## Exercise goal:
After finding the line with "Black Patent �u���b�N" in the entries below, retype exactly each line from there through the line with "LEOPARD BLEU Tyvek® folding wallet", including that final line.

## Supplied records:
[Start of Attachment]

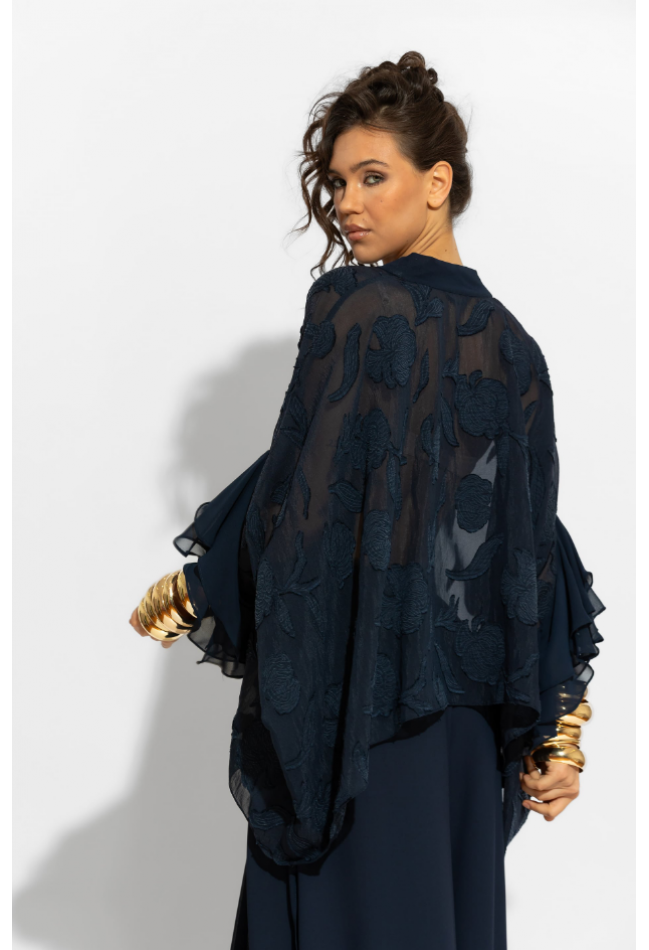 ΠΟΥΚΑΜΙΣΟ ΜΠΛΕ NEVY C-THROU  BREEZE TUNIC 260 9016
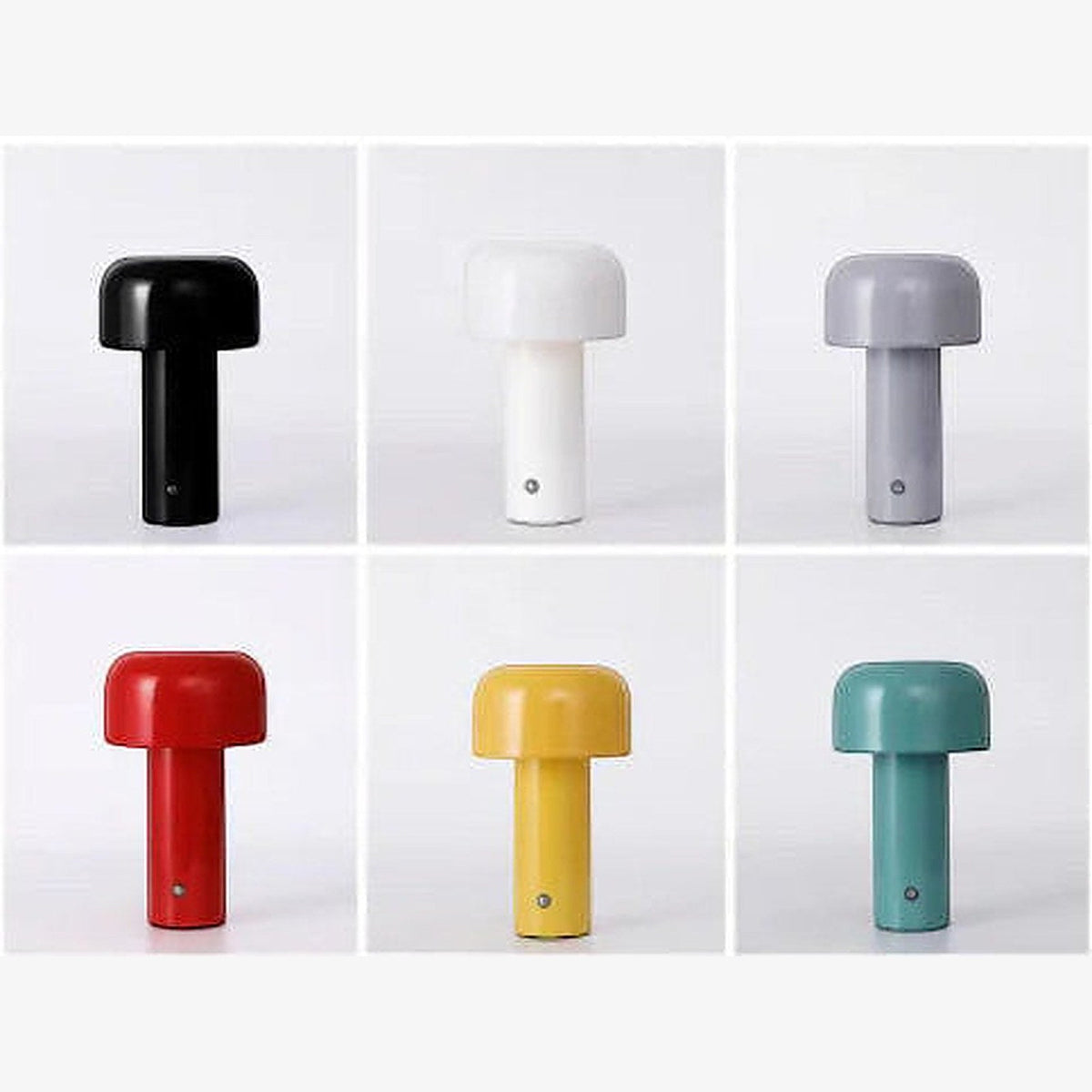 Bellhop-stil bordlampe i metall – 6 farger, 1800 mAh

[End of Attachment]
[Start of Attachment]

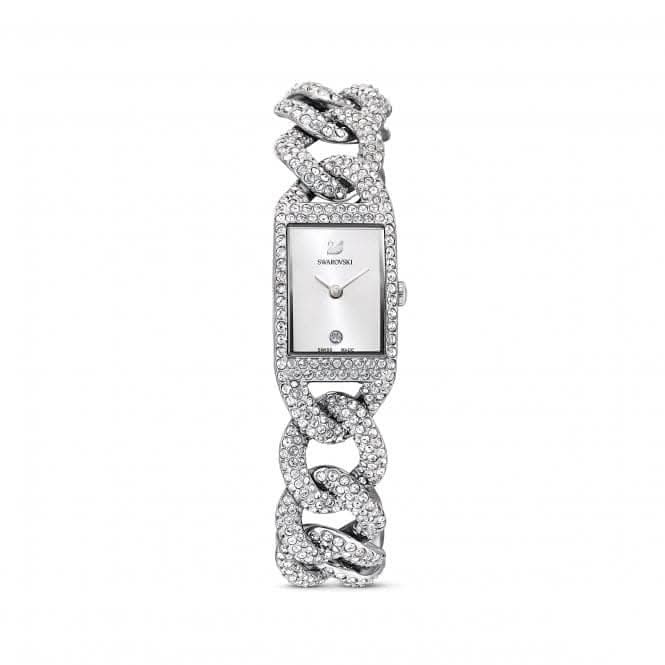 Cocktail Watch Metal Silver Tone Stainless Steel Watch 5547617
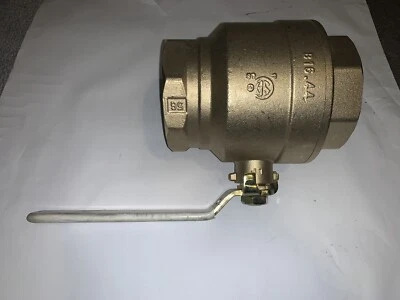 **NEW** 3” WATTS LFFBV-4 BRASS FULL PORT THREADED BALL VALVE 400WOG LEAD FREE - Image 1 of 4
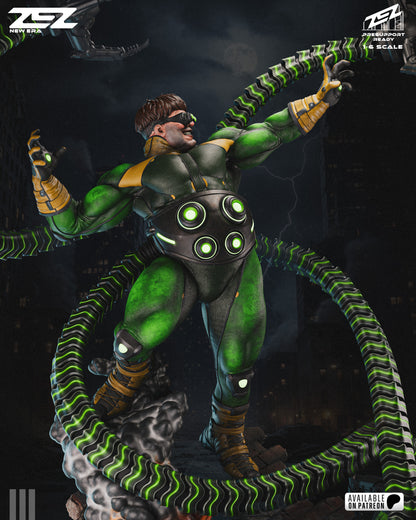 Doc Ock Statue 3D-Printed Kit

[End of Attachment]
[Start of Attachment]

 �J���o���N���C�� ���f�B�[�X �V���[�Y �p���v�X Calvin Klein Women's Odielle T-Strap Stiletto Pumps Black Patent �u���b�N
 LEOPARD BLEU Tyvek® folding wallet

[End of Attachment]

## Solution:
 �J���o���N���C�� ���f�B�[�X �V���[�Y �p���v�X Calvin Klein Women's Odielle T-Strap Stiletto Pumps Black Patent �u���b�N
 LEOPARD BLEU Tyvek® folding wallet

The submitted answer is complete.